Created attachment 21249 [details] Clevo M720R acpidump My Clevo M720R notebook has an Intel Core 2 Duo T8100 processor. Upon boot, Core 1 shows throttling states T0--T7 available and operates in T0, with full performance. Core 0 on the other hand has only T3--T7 and is stuck in T3, its performance suffering noticeably. There is no thermal reason for this, the CPU is well within its safe temperature zone. If I booting with acpi=off, this problem does not manifest. After a suspend/resume cycle, both cores end up in T8 (outside the reported available range), but both have full performance. Another difference after suspend/resume is that CPU0 goes from SMI thermal monitoring to TM2 (Core 1 is TM2 throughout). This is with kernel-2.6.29.2-129.fc11.x86_64, but I believe I have seen this as far back as roughly 2.6.24, IIRC (the first kernel I used with this notebook). Attached are the acpidump output, /proc/acpi info before and after suspend/resume, and a dmesg log for a session with a suspend/resume cycle.
Created attachment 21250 [details] /proc/acpi info from cold
Created attachment 21251 [details] /proc/acpi info following suspend/resume
Created attachment 21252 [details] A dmesg log
will you please attach the output of acpidump? thanks.
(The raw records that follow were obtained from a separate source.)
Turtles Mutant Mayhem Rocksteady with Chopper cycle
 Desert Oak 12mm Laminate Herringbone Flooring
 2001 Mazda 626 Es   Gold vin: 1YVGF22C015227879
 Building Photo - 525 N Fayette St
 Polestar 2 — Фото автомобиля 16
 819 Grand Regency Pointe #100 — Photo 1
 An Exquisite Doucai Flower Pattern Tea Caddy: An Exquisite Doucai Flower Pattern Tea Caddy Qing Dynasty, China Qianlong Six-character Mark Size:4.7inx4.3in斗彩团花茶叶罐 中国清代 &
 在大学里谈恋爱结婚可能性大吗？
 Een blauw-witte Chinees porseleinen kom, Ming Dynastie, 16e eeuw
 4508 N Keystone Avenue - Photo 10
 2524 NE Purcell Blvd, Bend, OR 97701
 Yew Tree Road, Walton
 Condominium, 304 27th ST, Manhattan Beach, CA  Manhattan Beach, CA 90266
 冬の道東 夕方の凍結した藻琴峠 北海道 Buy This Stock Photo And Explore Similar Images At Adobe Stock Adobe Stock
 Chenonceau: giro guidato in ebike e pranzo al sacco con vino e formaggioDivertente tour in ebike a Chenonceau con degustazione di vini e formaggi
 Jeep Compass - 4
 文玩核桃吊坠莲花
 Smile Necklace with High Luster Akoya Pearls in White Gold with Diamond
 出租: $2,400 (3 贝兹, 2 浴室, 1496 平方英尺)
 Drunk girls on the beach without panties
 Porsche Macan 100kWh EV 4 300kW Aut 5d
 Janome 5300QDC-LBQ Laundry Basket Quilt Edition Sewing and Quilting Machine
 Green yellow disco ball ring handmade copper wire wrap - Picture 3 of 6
Sorry that the acpidump is already attached. Please ignore the comment #4. thanks.
Will you please attach the output of "cat /proc/acpi/thermal_zone/*/*"? Thanks.
Hi, James From the acpidump it seems that this issue is related with the BIOS. There exists the _TPC object for CPU.And the _TPC object is used to define the processor throttling limit. The throttling limit will be used when updating the T-state.(In the boot phase the T state will be changed according to the current T-state). > CPU0. Name (_TPC, 0x03) . It means that the active T-state must be equal to or greater than T3. So the info in comment #1 reflects the correct T-state. After the suspend/resume cycle, maybe the CPU T-state is configured in BIOS. And only the throttling state is obtained when /proc/acpi/processor/*/throttling is invoked. But it won't udpate the throttling state. In such case the throttling limit is not used. From the info in comment #2 we know that T8 means the incorrect T-state. It is already beyond the T-state limit. The CPU will still use T3 when we try to change the T-state for CPU0. (echo T0 > /proc/acpi/processor/CPU0/throttling). When the T-state is changed, the T-state limit will be considered. In such case the active T-state will be equal to or greater than T3. So IMO this is a BIOS bug. And It had better be update by upgrading BIOS. Thanks.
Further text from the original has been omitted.